Celebrating our Heritage Enhancing our Environment Shaping our Future


On Thursday 7th September local archaeologist Phil Harding unveiled a Salisbury Civic Society Blue Plaque dedicated to Agnes Bottenham outside the Rai D’Or pub and restaurant on Brown Street.

The plaque reads “Here dwelt Agnes Bottenham Landlady of the Rydedorre who founded Trinity Hospital for the poor c 1370”.

Trinity Hospital was established to give shelter to 12 needy people and for 18 temporary residents who could stay for three days or, if sick, until recovered. At that time it was often the only refuge for the sick in the city.

From then on, Trinity Hospital’s charitable work has remained unbroken. Today the office of Salisbury City Almshouse and Welfare Charities is based in Trinity Hospital.

This is the enduring legacy of Agnes’s bequest almost 650 years ago and her contribution to Salisbury and generation upon generation of its residents.

This event at the Rai d’Or was part of the Historic Pubs and Inns themed events for Heritage Open Days co-organised by the Salisbury Civic Society and the Salisbury and S Wilts branch of the Campaign for Real Ale (CAMRA). Other co-organised events in the programme included tours of the Haunch of Venison in Salisbury, the former Three Crowns Inn in Harnham, a Salisbury historic pubs walk, an exhibition of Salisbury pubs and inns in the public library, displays for the 30th anniversary of Hop Back brewery at the Wyndham Arms, and a lecture on Romano-British Beer at Salisbury Rugby Club.

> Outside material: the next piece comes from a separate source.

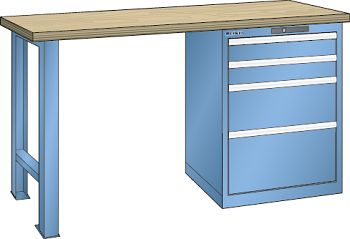 Werkbank  LxTxH 1500x800x850mm Buche, Lichtblau RAL 5012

The unveiling at the Rai d’Or was attended by members of Salisbury Civic Society, representatives of Salisbury City Almshouse and Welfare Charities, Salisbury branch of the Campaign for Real Ale (CAMRA), Simon Wheeler owner of the Rai d’Or, and members of the general public.

Salisbury Civic Society’s aims include celebrating and commemorating the area’s rich heritage and cultural life. The Blue Plaques scheme run by the Society is one of many activities through which it seeks to achieve this aim.